DatriseAI-first ETL

Freshdesk Neon

AI-first ETL from Freshdesk into Neon. Governed entities, incremental sync, typed landing tables.

How Datrise loads Freshdesk into Neon

Datrise syncs Freshdesk's tickets, contacts, agents, SLA events, and satisfaction scores into Neon as a typed table per source entity. Flexible or custom fields land in jsonb columns, and timestamps such as created, updated, and status changes are typed as timestamptz.

Sync is incremental: Datrise uses a watermark on updated-at, applied with INSERT … ON CONFLICT DO UPDATE, so re-runs update only what changed. Optional declarative partitioning by load date. Neon separates compute from storage, so Datrise batches writes to keep autoscaling compute from cold-starting on every small change.
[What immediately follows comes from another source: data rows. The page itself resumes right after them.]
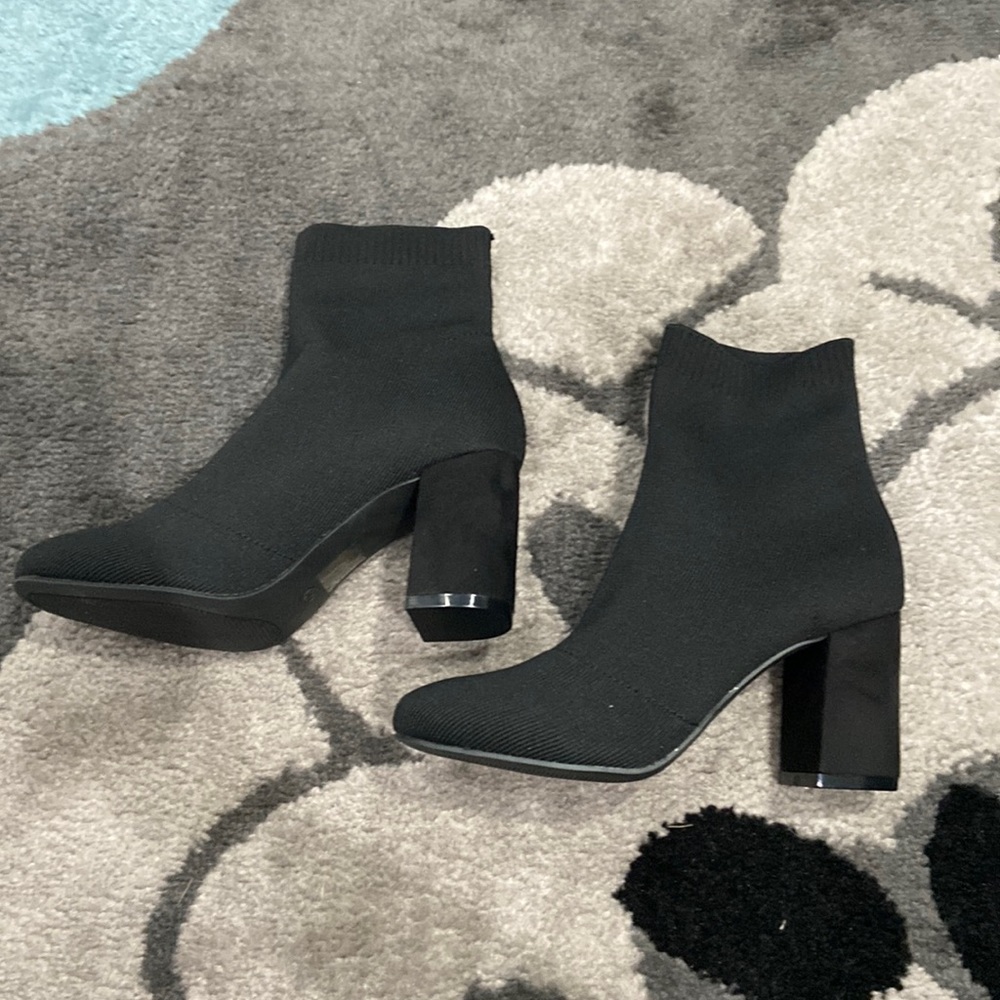 Brand new in box MIA soft boots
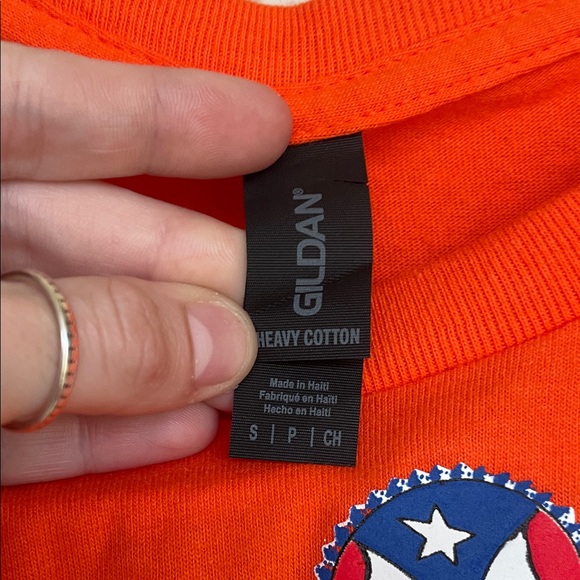 Gildan Orange Short Sleeve Tee with Tropical Frog Graphic - Picture 3 of 6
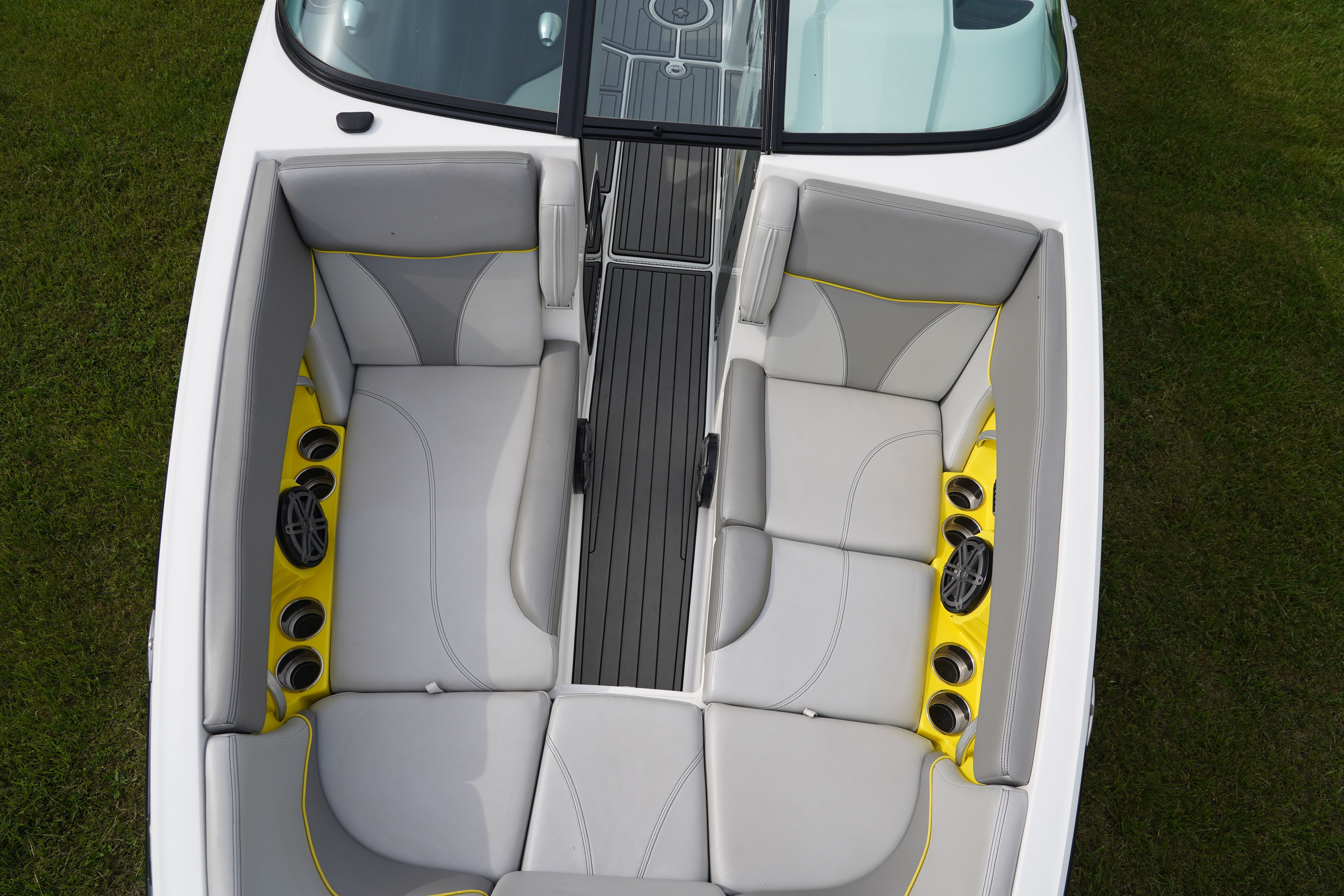 2016 MasterCraft X26 - 14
Ideal for serverless Postgres workloads that scale to zero between syncs.

Endpoints

Freshdesk: Customer support helpdesk with tickets, SLAs, and agent workflows.

Neon: Serverless Postgres destination with branching and autoscaling.

How Freshdesk entities map to Neon

Freshdesk entityNeon objectNotes
ticketsfreshdesk_ticketsid PK · custom fields → jsonb columns
contactsfreshdesk_contactsid PK · linked to freshdesk_tickets
agentsfreshdesk_agentsid PK · linked to freshdesk_tickets
SLA eventsfreshdesk_sla_eventstimestamptz events

FAQ

How does Datrise handle Freshdesk's custom fields in Neon?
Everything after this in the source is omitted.